This Prospectus relates to the public offering by one or more of the current
directors of Consolidated Products, Inc., an Indiana corporation (the
"Company"), including Alva T. Bonda, Neal Gilliatt, Charles E. Lanham, J. Fred
Risk, James Williamson, Jr., and a former director of the Company's subsidiary
corporation, Steak n Shake, Inc., Robert P. Cronin (hereinafter collectively
referred to as the "Directors") of up to an aggregate of 45,097 Shares of Common
Stock (the "Shares") of Consolidated Products, Inc., an Indiana corporation
(the "Company"). The Shares have been issued to the Directors pursuant to the
exercise of options granted under the Company's 1991 Nonemployee Director Stock
Option Plan (the "Plan"). None of the proceeds from the sale of the Shares will
be received by the Company. The Common Stock of the Company is traded on the
New York Stock Exchange under the symbol "COP".
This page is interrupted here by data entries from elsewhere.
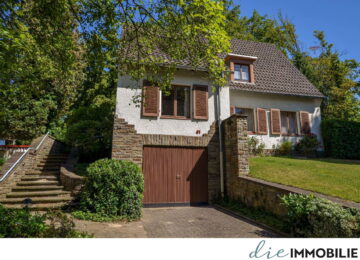 Charmantes Einfamilienhaus auf parkähnlichem Grundstück in Refrath!, 51427 Bergisch Gladbach, Einfamilienhaus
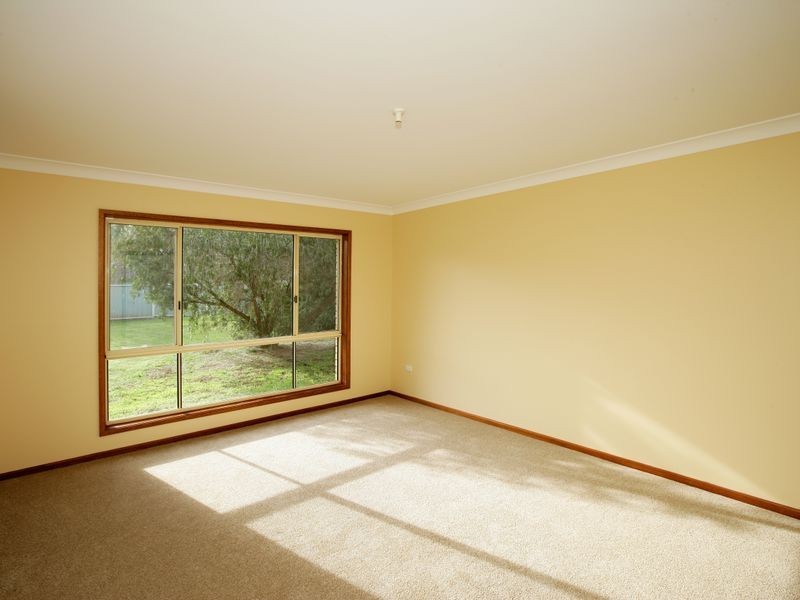 26 Dunrobin Street, Coolamon NSW 2701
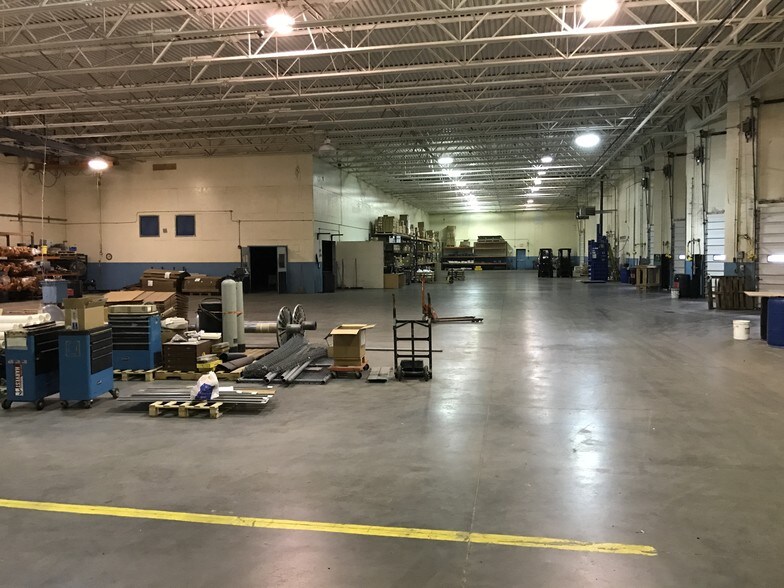 More Photos Of 1349 Cumberland St, Lebanon Manufacturing For Lease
THESE SECURITIES HAVE NOT BEEN APPROVED OR DISAPPROVED BY THE
SECURITIES AND EXCHANGE COMMISSION NOR HAS THE COMMISSION PASSED UPON
THE ACCURACY OR ADEQUACY OF THIS PROSPECTUS. ANY REPRESENTATION TO THE
CONTRARY IS A CRIMINAL OFFENSE.
Any Shares may be sold by the Directors from time to time in transactions
effected by or through brokers at prevailing market prices. On August 8, 1997,
the last sale price of the Common Stock as reported on the New York Stock
Exchange was $17.375 per share.
The expenses incident to the preparation and filing of the registration
statement of which this Prospectus is a part have been paid by the Company. All
other expenses associated with the offer and sale of the Shares, including
brokers' fees, selling commissions and placement fees, if any, will be paid by
the individual Directors. As of the date of this Prospectus, none of the
Directors has any agreement with any broker or dealer with respect to the sale
of the Shares.
This date of this Prospectus is August 14, 1997.
3
<PAGE>
AVAILABLE INFORMATION
The Company is subject to the informational requirements of the Securities
and Exchange Act of 1934, as amended (the "Exchange Act"), and, in accordance
therewith, files reports, proxy statements and other information with the
Securities and Exchange Commission (the "Commission"). Reports, proxy
statements and other information filed by the Company can be inspected and
copied at the public reference facilities maintained by the Commission at 450
Fifth Street, N.W., Washington, D.C. 20549; and its regional offices located at
Northwestern Atrium Center, 500 West Madison Street, Suite 1400, Chicago,
Illinois 60621-2511; and 75 Park Place, New York, New York 10007. Copies of
such material can be obtained from the Public Reference Section of the
Commission, 450 Fifth Street, N.W., Washington, D.C. 20549, at prescribed rates.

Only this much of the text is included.